Notou que actualmente muita gente já não segue os discursos dos deputados no Parlamento.
“A maior homenagem que se deve fazer a essas vítimas da fome, é que isso não se repita nunca mais”, apelou o analista.
Sublinhou que no cemitério da Várzea havia um monumento de recordação sobre o 20 de Fevereiro de 1949, além de valas comuns com marcos a lembrar o sepultamento daquelas pessoas.
“Acabaram removendo aquilo tudo, os ossos e tudo, e passaram a enterrar outras pessoas”, lamentou Ludgero Correia, acrescentando que aquilo era um monumento e que qualquer pessoa que entrasse no cemitério, perguntava e tinha informação sobre o período de Desastre de Assistência.
De acordo com Ludgero Correia, choveu em 1948 e assim podia ter sido feita colheita, mas não se fez, porque as pessoas comeram as sementes no auge da fome em 1947.
“Em 1949, as pessoas ainda estavam precisando da assistência pública para sobreviverem”, indicou.
Para ele, em vez de “discursos ocos” que se fazem no parlamento, dever-se-ia instituir o seguro colheita, a fim de se prevenir situações como a de 1949.
“Hoje, quando vamos para o interior, vimos vastas áreas de sequeiros que não são trabalhadas durante a época das azáguas”, deplorou Ludgero Correia e, segundo ele, isto faz com que o país dependa da importação de todos os cereais, até dos feijões que se pode cultivar no arquipélago.

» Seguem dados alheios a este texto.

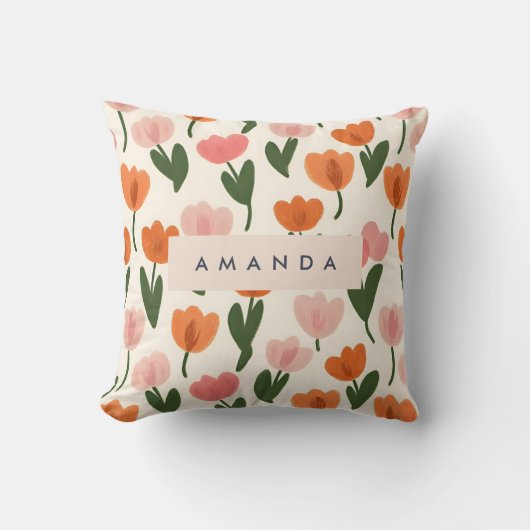 モノグラムパーソナライズされたかわいい春チューリップパターン クッション (正面)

Com a geopolítica que a gente vive neste momento, acrescenta, com oceanos minados e transportes não garantidos pode haver falhas na cadeia de abastecimento.
“Neste momento, estamos numa situação em que se falhar a cadeia de abastecimento, ficamos à fome, porque nós já praticamente não produzimos o que comemos”, pontuou Ludgero Correia.
Em seu entender, deve haver um compromisso por parte de quem quer que esteja no poder, “tudo fazer para que as sementes não falhem aos agricultores” e que estes “devem ser ressarcidos” quando não fazem a colheita depois de investirem as suas poupanças.
Na sua perspectiva, nas épocas assoladas por crise muita gente morreu porque “não havia segurança alimentar”.
Durante as fomes que assolaram o arquipélago, milhares de cabo-verdianos nunca souberam onde é que os seus entes queridos foram enterrados. Muitos corpos apodreceram nas achadas, nos covões e nas furnas à beira mar.